4. Dissatisfied, the Employee lodged a memorandum of appeal contending that:a.The Learned Magistrate erred in law and in fact in finding that she had not supported her claim for unpaid extra hours worked.b.The Learned Magistrate erred in law and in fact in finding that she had not supported her claim for Sundays worked.c.The Learned Magistrate erred in law and in fact in failing to award her costs of the suit.

5. On the strength of these grounds the Appellant urged this Court to allow the appeal, award her compensation for overtime and Sundays worked, and grant her costs both in the lower court and on appeal.

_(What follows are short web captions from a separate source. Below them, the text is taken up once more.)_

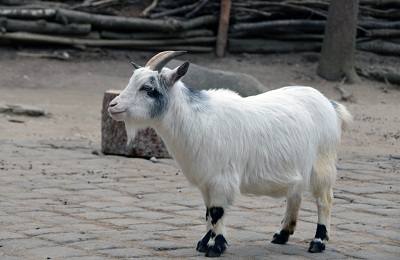 Характеристика породы камерунских коз - фото
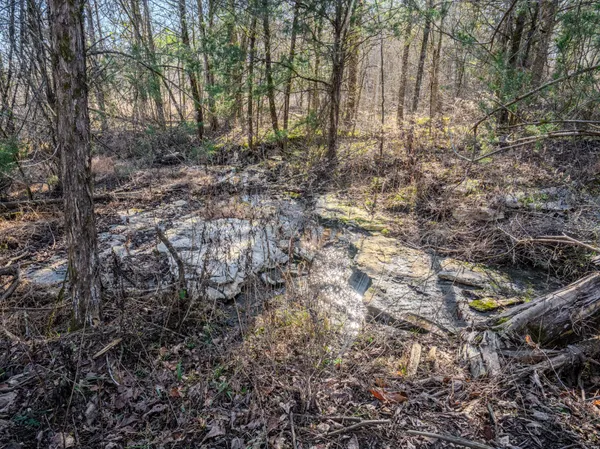 $890,000 | 0 Lasea Road, Spring Hill, TN 37174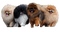 Pomeranian - Безплатен анимиран GIF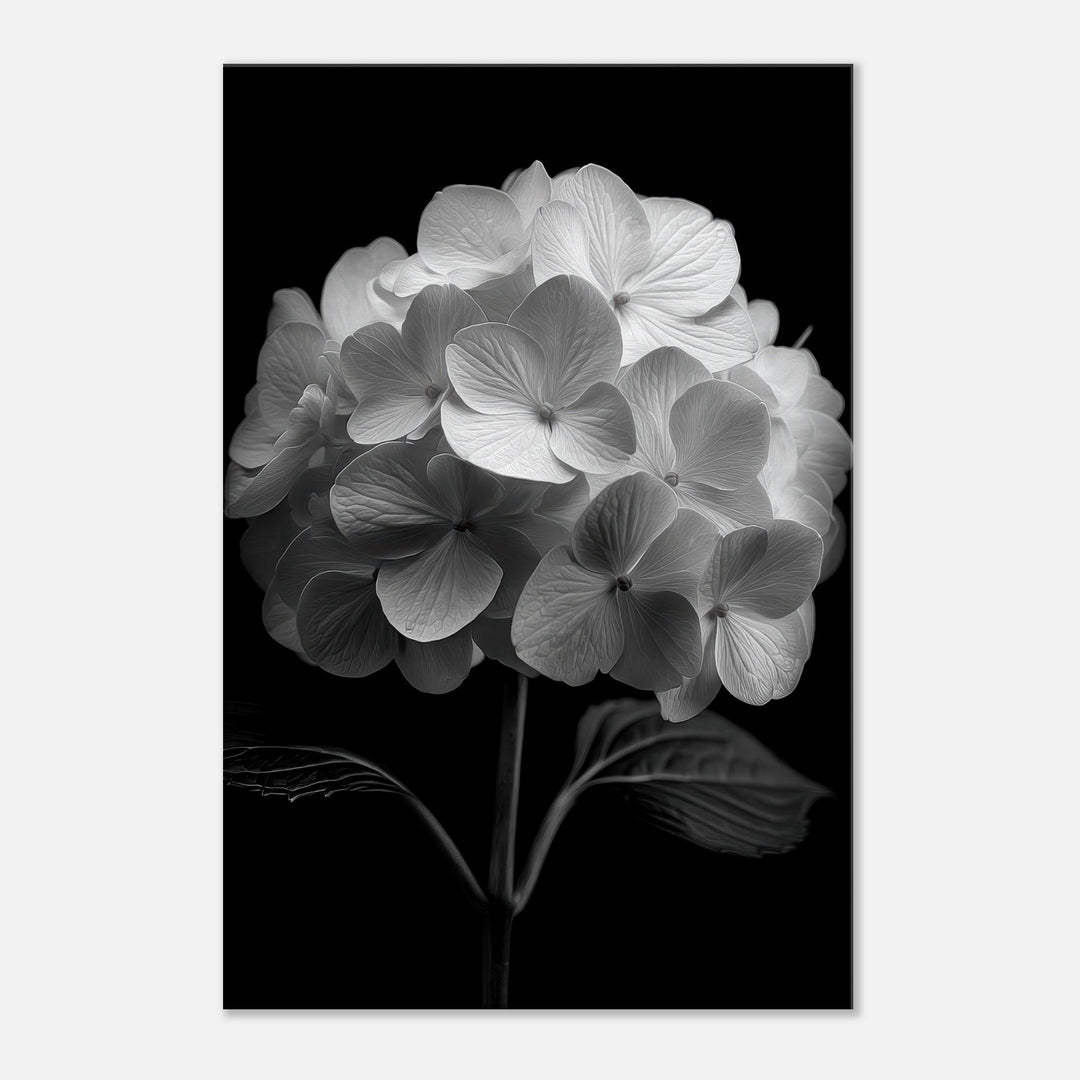 d4256a61-85f0-4033-bbcd-c2704d019419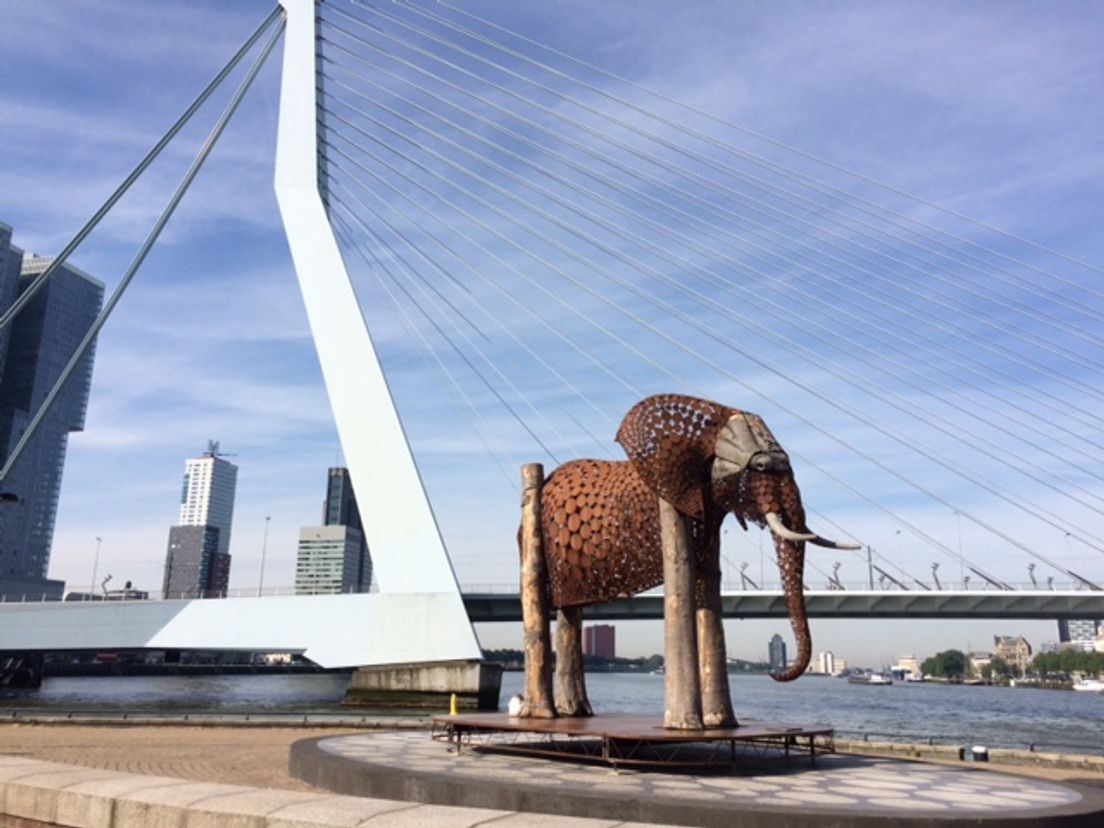 The weeping elephant , Noordereiland Rotterdam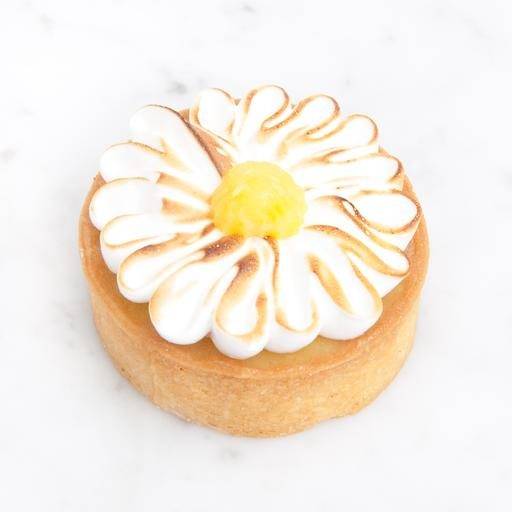 Tart Blanc portfolio 4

6. Similarly, on 27th February 2025, the Employer filed its own memorandum and record of appeal, asserting that the Trial Court had committed multiple errors in law and fact. Key being:a.Failing to take into account considerations that should have been taken into account before entering the judgment.b.Failing to apply the applicable laws of evidence on the facts.c.Failing to evaluate and consider the evidence it adduced before her specifically the employment contract between the parties.d.Violating the Employer’s right to a fair hearing under Article 50(1) of the Constitution.e.Making a finding that there was proof on a balance of probabilities that payment for public holidays had not been made despite the presence of evidence of payment.f.Making a finding that Kshs. 203,520/- should be paid for public holidays worked.g.Arriving at the award for unpaid public holidays worked despite evidence that the compensation for public holidays was adequately provided for in the contract of employment.h.Failing to consider evidence before her that leave days in lieu of public holidays worked were taken.i.Exercising discretion injudiciously, improperly and unconstitutionally.j.Misapprehending the dispute before it as borne by the pleadings and consequently arriving at findings and orders.k.Failing to take into account relevant facts and law and instead considering irrelevant matters in arriving at the judgment dated 25th June 2024.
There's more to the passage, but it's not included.